I love the fact Qatar wants to host the best World Cup ever. Having all the stadiums in a small area means you can go to a couple of games a day. This is going to be totally unique – it’s almost an Olympics concept. The concept also includes the development of modern and technologically advanced stadiums, of which Education City Stadium will be a part.
What were your main architectural objectives in relation to the stadium?
We wanted to build a stadium which goes back to the source of football – one which is intensely close. We wanted something intense and potent for the players and spectators. Even the roof is designed to help the acoustics bounce off it and on to the pitch.
We were also one of the first stadiums to really look at cooling. We worked with engineers to come up with a cooling solution, which was a big challenge. One solution is the shape of the stadium, which is the fruit of aerodynamics – it isn’t just nice looking, it also stops wind from getting into the venue. One of the great things about Qatar 2022 is that it’s helping to develop new, innovative systems such as cooling technology.
What’s the most exciting part of the architectural process?
For me, the most exciting part is when you sit down with a white piece of paper and a pencil. You start sketching and that’s exciting. Some ideas come slowly, while others come quickly. You think of the facade, the shape and people arriving.
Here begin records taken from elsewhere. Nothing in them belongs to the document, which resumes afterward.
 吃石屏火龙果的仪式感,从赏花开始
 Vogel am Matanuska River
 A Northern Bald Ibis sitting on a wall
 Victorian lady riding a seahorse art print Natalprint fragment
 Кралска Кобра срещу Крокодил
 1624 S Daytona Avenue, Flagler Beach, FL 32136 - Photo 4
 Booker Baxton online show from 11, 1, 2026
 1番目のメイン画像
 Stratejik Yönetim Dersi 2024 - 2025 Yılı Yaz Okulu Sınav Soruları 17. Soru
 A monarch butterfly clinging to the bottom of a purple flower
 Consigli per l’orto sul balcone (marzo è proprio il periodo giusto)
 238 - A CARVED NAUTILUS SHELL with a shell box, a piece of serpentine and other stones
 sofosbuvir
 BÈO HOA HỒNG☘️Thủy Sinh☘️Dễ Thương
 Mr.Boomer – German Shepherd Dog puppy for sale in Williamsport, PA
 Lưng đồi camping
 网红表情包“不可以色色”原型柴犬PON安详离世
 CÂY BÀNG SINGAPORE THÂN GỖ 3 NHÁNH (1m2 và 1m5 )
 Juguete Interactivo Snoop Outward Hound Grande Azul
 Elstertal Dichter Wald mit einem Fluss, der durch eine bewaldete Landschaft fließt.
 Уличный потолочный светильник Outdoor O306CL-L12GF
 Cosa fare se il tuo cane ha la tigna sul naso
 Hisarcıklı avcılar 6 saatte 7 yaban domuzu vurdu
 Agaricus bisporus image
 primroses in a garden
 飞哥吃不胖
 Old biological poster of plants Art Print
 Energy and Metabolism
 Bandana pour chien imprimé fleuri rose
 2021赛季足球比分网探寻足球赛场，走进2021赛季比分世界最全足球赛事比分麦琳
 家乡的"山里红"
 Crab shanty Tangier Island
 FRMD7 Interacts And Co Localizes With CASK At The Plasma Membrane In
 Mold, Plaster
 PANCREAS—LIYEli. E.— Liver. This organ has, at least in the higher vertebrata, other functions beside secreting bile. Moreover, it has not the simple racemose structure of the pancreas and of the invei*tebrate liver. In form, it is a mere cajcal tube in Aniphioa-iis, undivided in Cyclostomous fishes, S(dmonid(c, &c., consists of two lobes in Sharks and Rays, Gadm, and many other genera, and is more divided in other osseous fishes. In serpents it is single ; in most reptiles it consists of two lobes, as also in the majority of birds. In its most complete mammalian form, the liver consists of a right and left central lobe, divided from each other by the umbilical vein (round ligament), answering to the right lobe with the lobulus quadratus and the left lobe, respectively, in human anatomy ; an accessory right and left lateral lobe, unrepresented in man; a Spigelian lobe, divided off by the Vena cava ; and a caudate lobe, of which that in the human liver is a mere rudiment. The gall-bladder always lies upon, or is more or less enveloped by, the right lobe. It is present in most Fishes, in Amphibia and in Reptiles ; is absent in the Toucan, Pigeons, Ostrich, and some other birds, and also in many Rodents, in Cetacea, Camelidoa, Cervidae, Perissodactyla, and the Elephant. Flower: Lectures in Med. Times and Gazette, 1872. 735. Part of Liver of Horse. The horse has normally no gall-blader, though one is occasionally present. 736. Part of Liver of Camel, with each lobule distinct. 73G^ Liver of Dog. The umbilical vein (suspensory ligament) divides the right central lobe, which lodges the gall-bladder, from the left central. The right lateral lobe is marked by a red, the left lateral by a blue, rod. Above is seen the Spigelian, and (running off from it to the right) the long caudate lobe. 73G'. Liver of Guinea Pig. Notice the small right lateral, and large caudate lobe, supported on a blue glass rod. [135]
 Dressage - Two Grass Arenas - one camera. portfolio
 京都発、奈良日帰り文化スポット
The beginning is always exciting.
The process is also exciting as you have many challenges and getting over those hurdles successfully is tremendously satisfying.
The final part is the opening game. I remember with RCDE Stadium in Espanyol, seeing it filled with 45,000 fans screaming and shouting, the players, the music – it was tremendously emotional. For me, the best bits are the very beginning and the final bit.
What’s amazing with a football stadium is that they have an emotional connection with people. This doesn’t happen with other buildings, such as shopping centres and offices. Football stadiums are so special – they generate so many emotions – and that makes them incredibly satisfying to work on.
What are your thoughts on the completed stadium and the effect it will have on the local community?
I think it’s a very special stadium. The main pillars of a healthy society are education and sport – and Education City Stadium symbolises both. Education takes care of the mind and sport takes care of the body. It was an essential part of the whole strategy and built into the project from the very beginning.
Legacy is also an important factor. Qatar has shown tremendous vision to deliver sustainable stadiums from a social and economic point of view. The country is showing a totally new vision to stadium architecture. This stadium will be used all year round. There will be classrooms and student facilities overlooking the pitch after the World Cup and that’s great.
I always think stadiums should give back to the community. They should not be aggressive buildings. This stadium will be the centre of the campus. It is very legacy friendly – unlike almost any similar construction in the world.